In a statement, the company said it has appealed the decision. Nasdaq requires listed companies to have a market capitalization or assets and revenues totaling at least $50 million. K-tel's capitalization had fallen to $18.7 million by market close yesterday.
K-Tel chief financial officer A. Merrill Ayers said the company does not expect to be delisted Monday since the Nasdaq must decide the appeal before any action is taken.
"The company is in a turnaround and looking at a wide variety of options" to maintain its listing on the Nasdaq, Ayers said. He added that the company also has applied to be listed on the Nasdaq Small Cap market.
Nasdaq officials told K-tel in May that it faced delisting. The company said it had submitted a plan for coming into compliance, but that was rejected.
K-tel saw its shares spike from about $3 a share to near $20 two years ago, when it announced plans to sell its products on the Internet. Since then, the company's stock has steadily dropped. It was hovering at $1.13 a share in late trading today--down more than 80 percent for the year.
The delisting warning comes as the company is struggling to overhaul its businesses.
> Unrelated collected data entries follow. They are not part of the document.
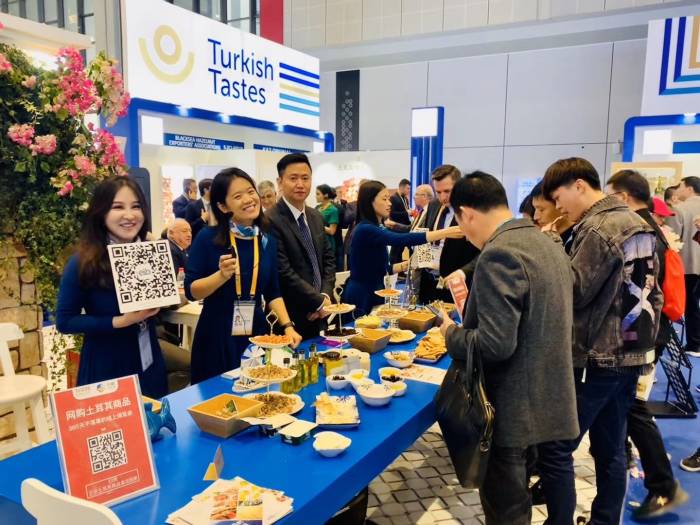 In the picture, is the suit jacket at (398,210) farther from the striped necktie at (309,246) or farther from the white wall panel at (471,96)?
the white wall panel at (471,96)

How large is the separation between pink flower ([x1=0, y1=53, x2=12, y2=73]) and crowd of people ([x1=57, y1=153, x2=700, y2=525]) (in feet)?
3.68

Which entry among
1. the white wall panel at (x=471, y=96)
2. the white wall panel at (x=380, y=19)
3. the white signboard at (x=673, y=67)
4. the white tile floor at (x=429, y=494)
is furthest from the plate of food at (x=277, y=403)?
the white wall panel at (x=380, y=19)

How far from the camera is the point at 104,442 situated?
1.36 metres

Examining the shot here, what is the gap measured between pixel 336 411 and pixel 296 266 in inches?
47.5

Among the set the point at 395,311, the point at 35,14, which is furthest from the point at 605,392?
the point at 35,14

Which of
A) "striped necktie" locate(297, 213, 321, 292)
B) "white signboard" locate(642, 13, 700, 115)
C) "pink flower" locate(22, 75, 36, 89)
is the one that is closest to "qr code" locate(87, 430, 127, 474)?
"striped necktie" locate(297, 213, 321, 292)

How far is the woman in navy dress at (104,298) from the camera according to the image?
6.63 ft

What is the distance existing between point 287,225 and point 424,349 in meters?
0.96

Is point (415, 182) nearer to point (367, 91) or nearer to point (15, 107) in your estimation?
point (367, 91)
In July, the company closed its German operations and cut 88 jobs as a cost-saving measure. It also cut 35 jobs in the United States in June and combined its two U.K.-based operations into one facility in April.
Although the company has managed to trim expenses, its revenues have declined sharply in recent months.
For the third quarter ended March 31, the company reported a loss of $5.6 million, or 56 cents per share, compared with the prior year's third-quarter net loss of $4.7 million, or 50 cents per share. Net revenues for the third quarter were $12.9 million, compared with $18.5 million for the same period in 1999.